The AIM-traded firm said it intended to return up to £8m to shareholders through a tender offer, possibly combined with an on-market share buy-back programme.

In order to effect the return, some capital restructuring of the group was required, the first step of which would be explained in a circular to shareholders to be issued later on Monday.

Thruvision also updated the market on its trading, explaining that the more focused nature of its activities following the disposal of the video business had driven positive progress since the publication of its interim results in December last year.

The group had already shipped a "record number" of its people-screening units to customers in the current financial year to date, it reported.

That gave management further confidence that there should be a large, international market for its people-screening security technology.

Additionally, based on what the board called the product's "unique capabilities", it had further refined our market focus on four distinct areas - mass transportation, entrance, loss prevention, and customs.

"This market focus, and additional sales resource brought into the group, has resulted in the material pick up in order intake referred to above," the board said in its statement.

"Recent highlights include significant orders from the Philippines for mass transit screening and from China for entrance screening, a further order from Saudi Arabia for entrance screening, and several orders from new UK-based loss prevention customers."

Significant progress was also made in the US with the Transportation Security Administration, following the funded development of a new product for them, the Thruvision 'TAC'.

"In late February and early March, the Thruvision TAC, has been publicly demonstrated by TSA with Amtrak in Penn Station, New York, and with LA Metro in Los Angeles, with widespread media coverage.

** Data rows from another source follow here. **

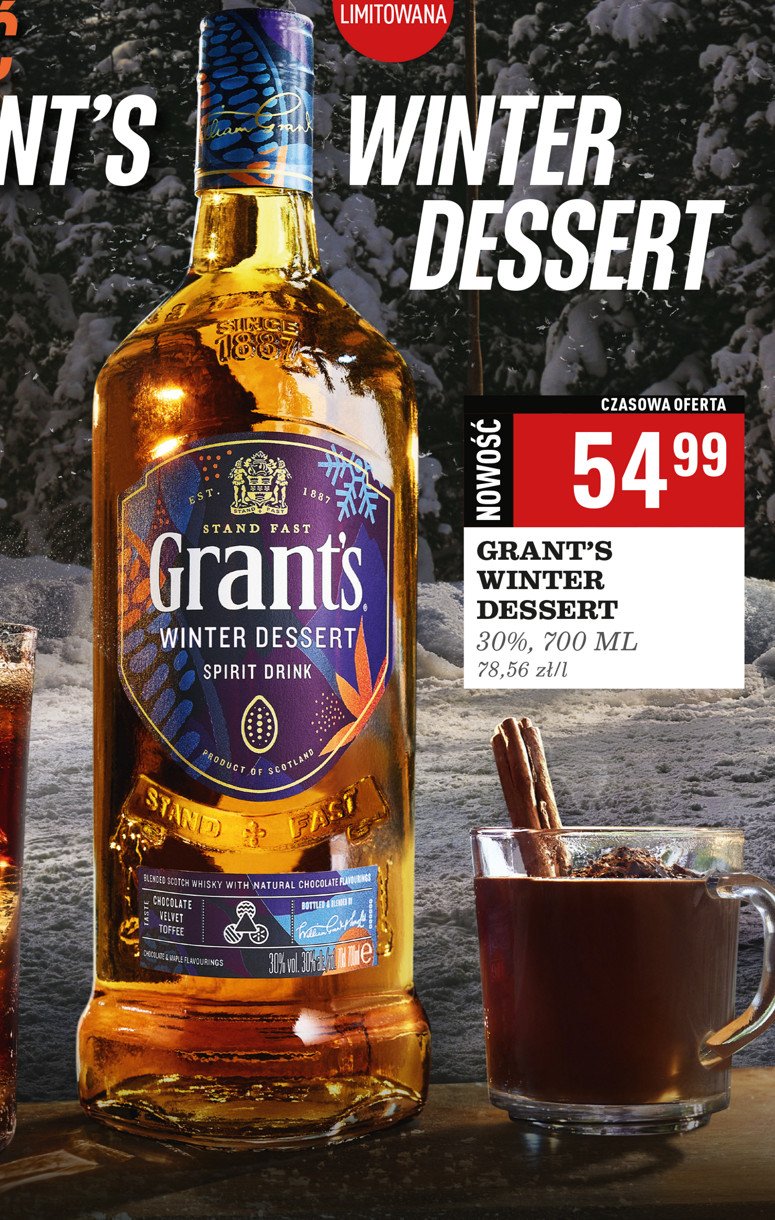 Whisky winter dessert Grant's promocja w Biedronka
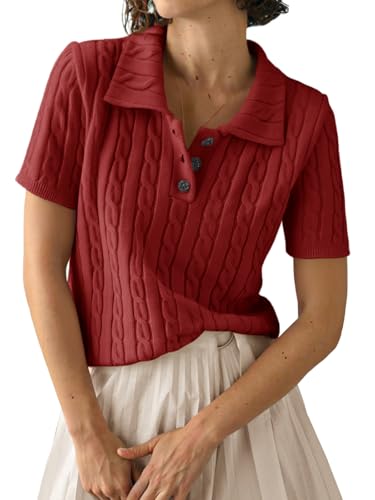 Image of Imily Bela Womens Polo V Neck Pullovers Lightweight Short Sleeve Cable Knit Sweater Business Casual Summer Tops 2025
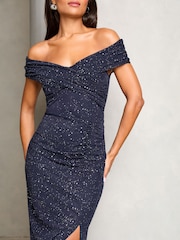 Lipsy Navy Blue Bardot Glitter Mesh Maxi Dress - Image 2 of 4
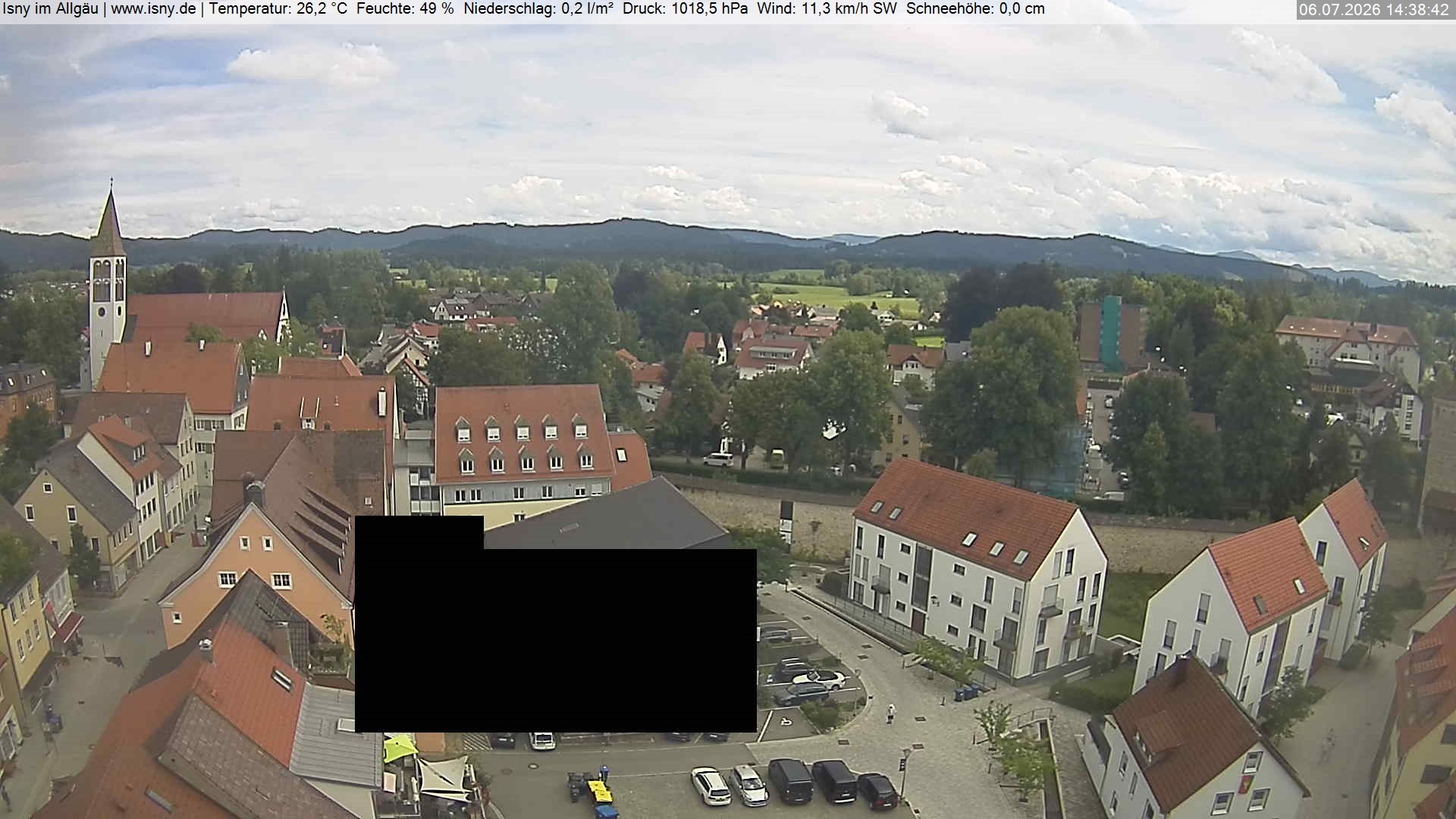 Archiv Foto Webcam Isny im Allgäu - Blick auf die Kirche St. Maria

"Operational feedback has been positive and David Pekoske, the TSA administrator, described the trial of stand-off detection technology at Penn Station as 'very promising'.

"We are in the process of initiating production of this new product with our US-based partner in anticipation of TSA's final product approval over the summer."

Ian Lindsay, the company's new finance director, had now also started, and with the process of separating the video business effectively complete, the group said it expected to head into the new financial year with a clear strategy, strong international sales momentum and net cash materially unchanged since its interim results in December at £17m.